» SOURCE DATA:
::::
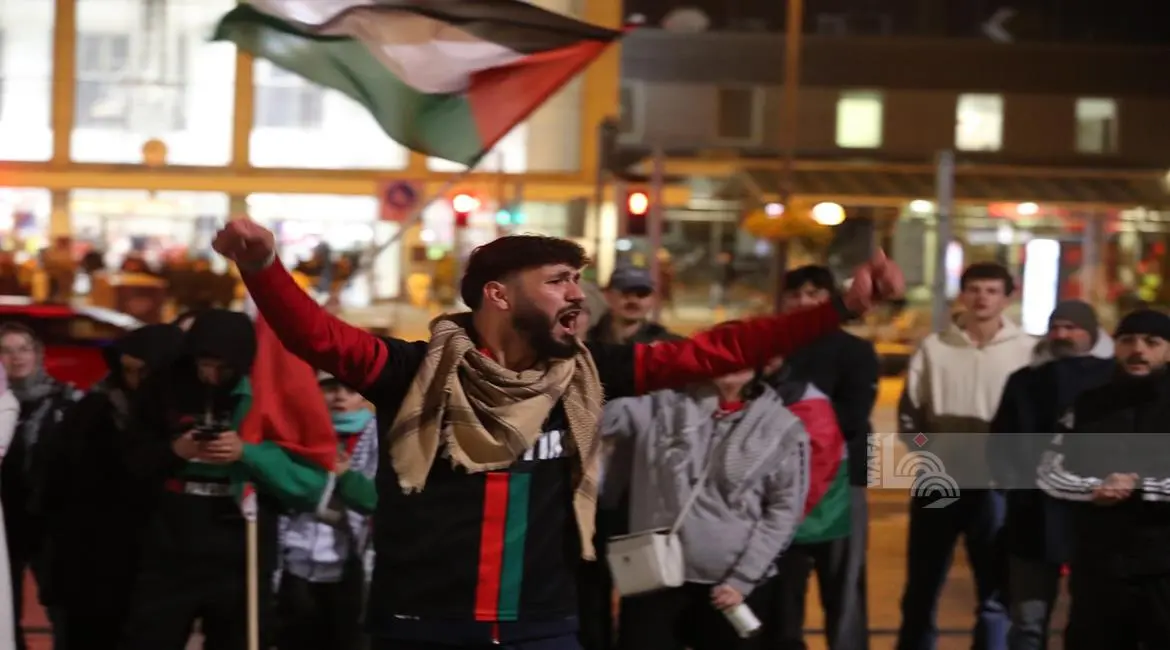 Manifestações furiosas na cidade alemã de Dortmund exigem o fim da agressão a Gaza e condenam o ataque à Flotilha Global Steadfastness, que se dirigia a Gaza para romper o cerco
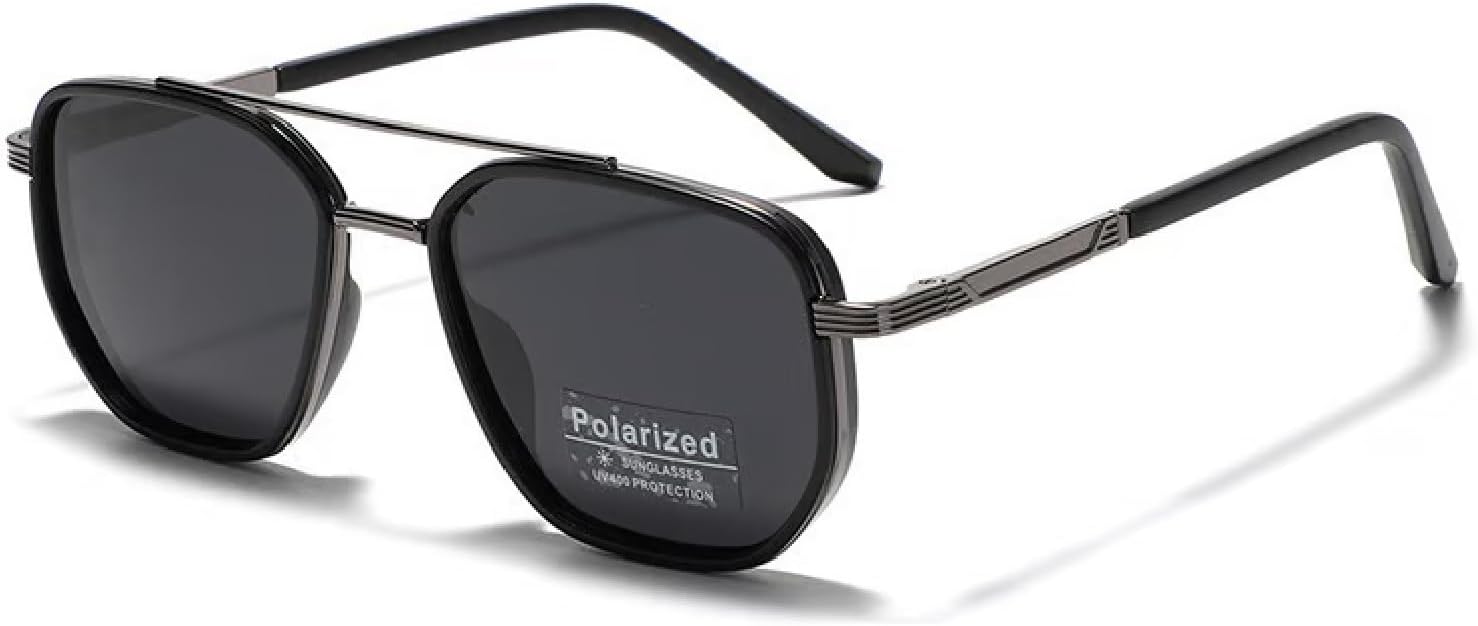 Солнцезащитные очки для начала учебного года, геометрическая оправа и двойной дизайн, модные солнцезащитные очки для женщин и мужчин, летний аксессуар Generic, Matte Black
Солнцезащитные очки для начала учебного года, геометрическая оправа и двойной дизайн, модные солнцезащитные очки для женщин и мужчин, летний аксессуар Generic, Matte Black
::::
» EXERCISE BRIEF:
I would like the material repeated in full and exactly, with its images omitted.

» OUTPUT FOR THIS EXERCISE:
 Manifestações furiosas na cidade alemã de Dortmund exigem o fim da agressão a Gaza e condenam o ataque à Flotilha Global Steadfastness, que se dirigia a Gaza para romper o cerco
 Солнцезащитные очки для начала учебного года, геометрическая оправа и двойной дизайн, модные солнцезащитные очки для женщин и мужчин, летний аксессуар Generic, Matte Black
Солнцезащитные очки для начала учебного года, геометрическая оправа и двойной дизайн, модные солнцезащитные очки для женщин и мужчин, летний аксессуар Generic, Matte Black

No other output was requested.